__DIRECTIONS__
All the lines below should be set down exactly, with no picture carried into the copy.

__________

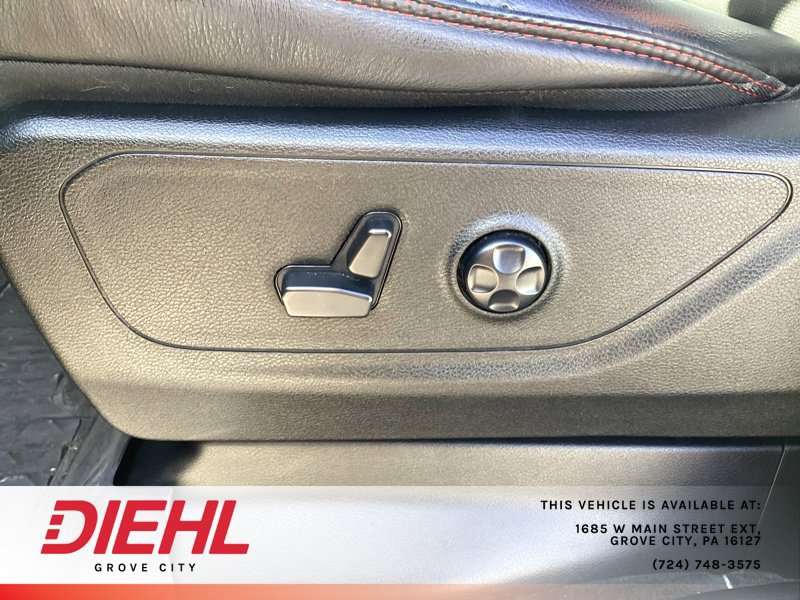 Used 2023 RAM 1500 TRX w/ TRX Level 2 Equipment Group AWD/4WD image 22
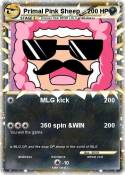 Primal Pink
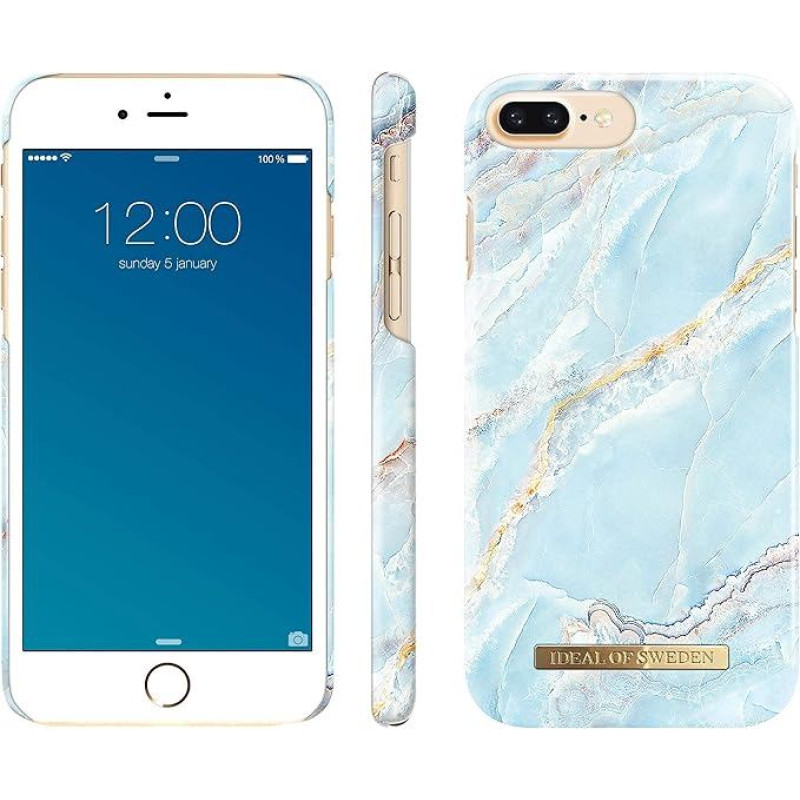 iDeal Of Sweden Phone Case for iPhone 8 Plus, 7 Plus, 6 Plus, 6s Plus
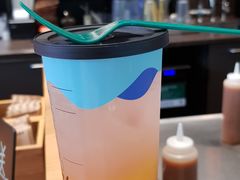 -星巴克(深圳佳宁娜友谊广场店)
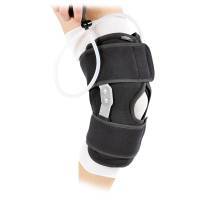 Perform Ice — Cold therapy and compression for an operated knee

__________

__TASK ANSWER__
 Used 2023 RAM 1500 TRX w/ TRX Level 2 Equipment Group AWD/4WD image 22
 Primal Pink
 iDeal Of Sweden Phone Case for iPhone 8 Plus, 7 Plus, 6 Plus, 6s Plus
 -星巴克(深圳佳宁娜友谊广场店)
 Perform Ice — Cold therapy and compression for an operated knee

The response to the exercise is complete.